Fixed rate mortgages are in some ways the simpler of the two. Financial writer Bruce Schoenne explains that a fixed mortgage is “a mortgage where the rate of interest is fixed for a specific period of time”. At the time a mortgage is given, the bank determines an interest rate based upon a number of factors including the number of years over which the mortgage will be repaid, the credit rating of the new homeowner and the typical interest rates in the market at the time. The interest rates will be based upon a central rate determined by the bank, called the “prime rate.” In a fixed-rate mortgage, this interest rate will be fixed over the entire term of the mortgage.
Fixed-rate mortgages may be best for people who fear that interest rates will go up in the future, or are simply not sure what interest rates will do in the future and are unwilling to gamble that the rates will change in their favour. In the case of a fixed-rate mortgage, instead of the home buyer gambling that interest rates will change in their favour, the bank is gambling that it’s better to loan out its money at a fixed rate now than to wait for markets to change in the bank’s favour later on. For this reason, fixed rate mortgages may be harder to get initially, and may have a higher initial interest rate (and therefore higher monthly payments) than a variable rate mortgage. The advantage to the home buyer is that while the payments may initially be higher, this type of mortgage offers the security of knowing that the rates will at least never get any higher.

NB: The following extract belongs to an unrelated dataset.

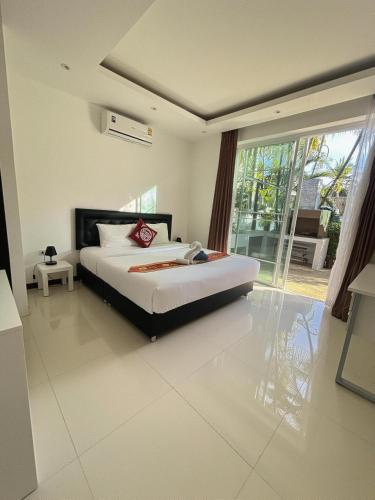 a bedroom with a bed and a large window at Villa with private pool in Kamala in Kamala Beach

In contrast, Schoenne says, a variable rate mortgage is “a mortgage that has fixed payments, but the interest rate fluctuates with any changes in interest rates.” In this case, the bank will still determine an initial interest rate for the mortgage based upon the prime rate, the home buyer’s credit rating and the expected duration of the mortgage. However, the mortgage agreement will also specify a regular period of time after which the bank is allowed to reassess the interest rate and move it up or down in accordance with changes in the prevailing market interest rates.
Variable-rate mortgages may be useful for those who are willing to accept a certain amount of risk up-front in exchange for the possibility that they will save thousands of dollars in interest later on. In 2001, York University professor of finance Moshe A. Milevsky examined mortgage interest rates between 1950 and 2000 and concluded that, on average, homeowners pay less interest over the term of their mortgage if they choose a variable rate rather than a fixed rate. The key is the level of risk that homeowners are willing, and financially able to take. This is because just as the interest rate could go down, it could also go up – a phenomenon called payment shock. “Long-term stability has a price,” says Schoenne, “but if you can’t sleep, what good is the money?”
If you are not sure whether a fixed interest rate or a variable interest rate is right for you, a financial advisor will be able to give professional advice tailored to your specific situation.